Career website ‘Mind Tools’ (http://www.mindtools.com/) points out that ‘being a good public speaker can enhance your reputation, boost your self-confidence, and open up countless opportunities’. If you cast your mind back to some of the most effective speeches, whether that by a famous politician or that hilarious best man speech, we can probably guarantee that that it was many of the following:

  1. Clear: their speech was concise and it was simple to follow. Their articulation and projection was also of a high quality. They were calm and consistent in their delivery.
  2. Engaging: the speaker held the room’s attention with humour and empathy, connecting to the audience
  3. Relevant: the content was informed and well-researched. Their audience learned something from them.

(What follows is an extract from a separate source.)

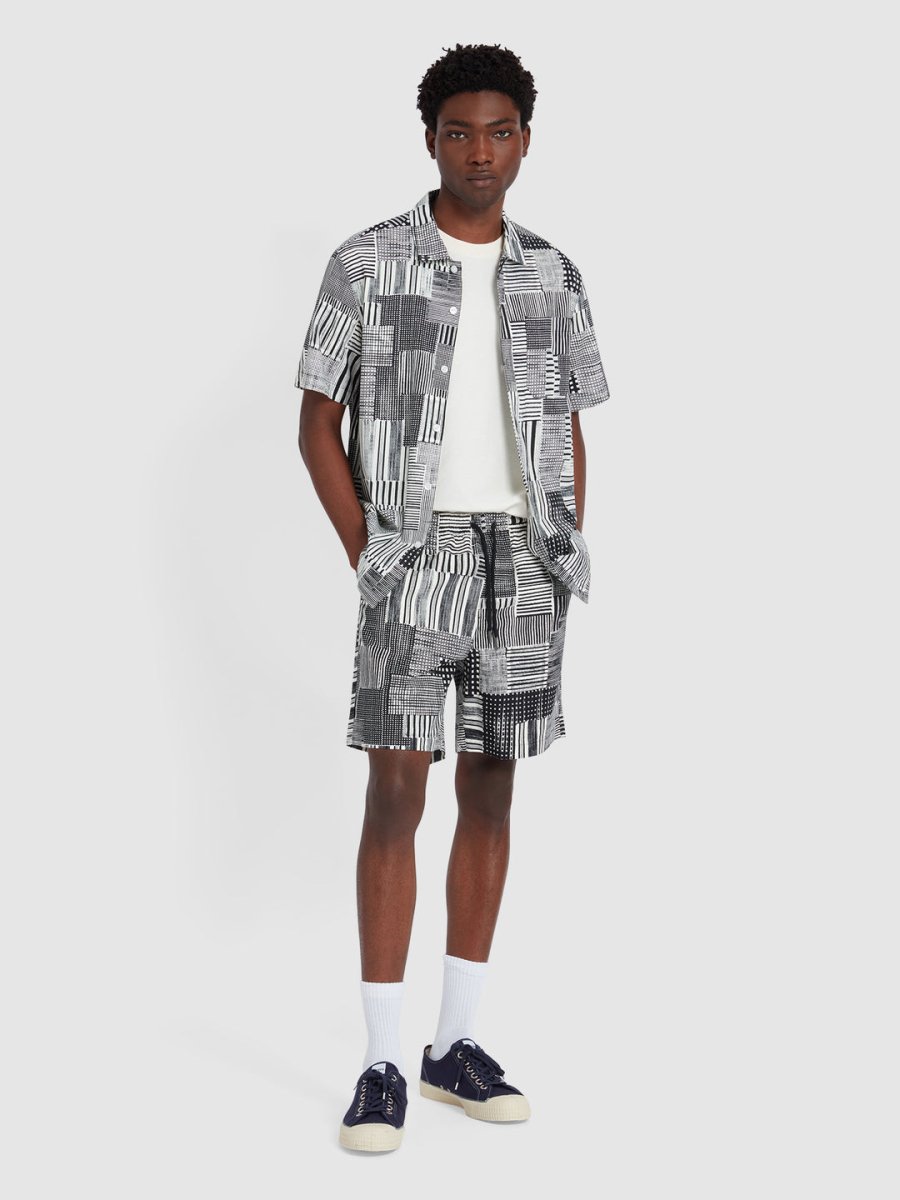 Ashcombe T-Shirt In Cream - RUTHERFORD & Co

  4. Memorable: we bet that there are lines or moments that you remember from their address; punchlines and carefully exaggerated points.

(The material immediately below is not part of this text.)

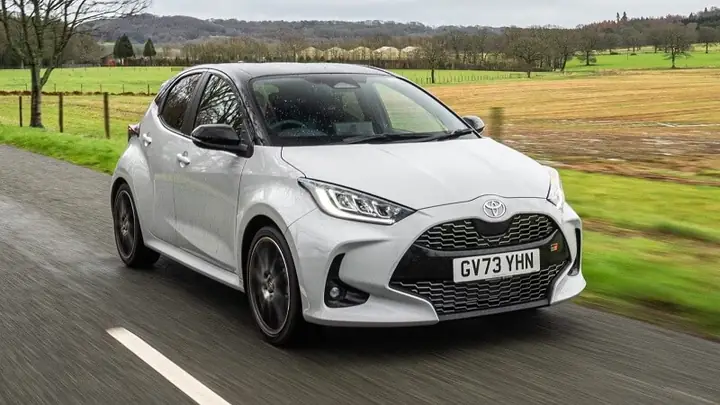 So Sánh Xe Honda Jazz Và Toyota Vios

  5. Confident: without self-assuredness or directness a speech loses its point. A good speech will be delivered by a vibrant, vehement person.

Most of the time, it is the unknown and the fear of stalling, being difficult to understand or boring that worries many. There are ways of facing these issues and dealing with them head on. With our help, an experienced voice & stage coach will take you and/ or a group through a series of intensive steps to achieve a higher quality in public speaking.
In just one session you and/ or your fellow colleagues will learn to:

  1. Deal with nerves successfully and use them for the better.
  2. Project the voice.
  3. Articulate. Countless people have no idea just much they mumble or lack articulation. It is key to an informative, fresh and clear address.
  4.  Improve body language, encouraging your audience to fully engage.
  5. Regulate breathing, therefore, improving the quality of the voice.
  6. Improve sight reading. There are tricks to successful sight reading and they are here to be learned.
  7. Enjoy the experience of public speaking. Practise is key; we bring participants through a series of exercises and opportunities to show what they have achieved.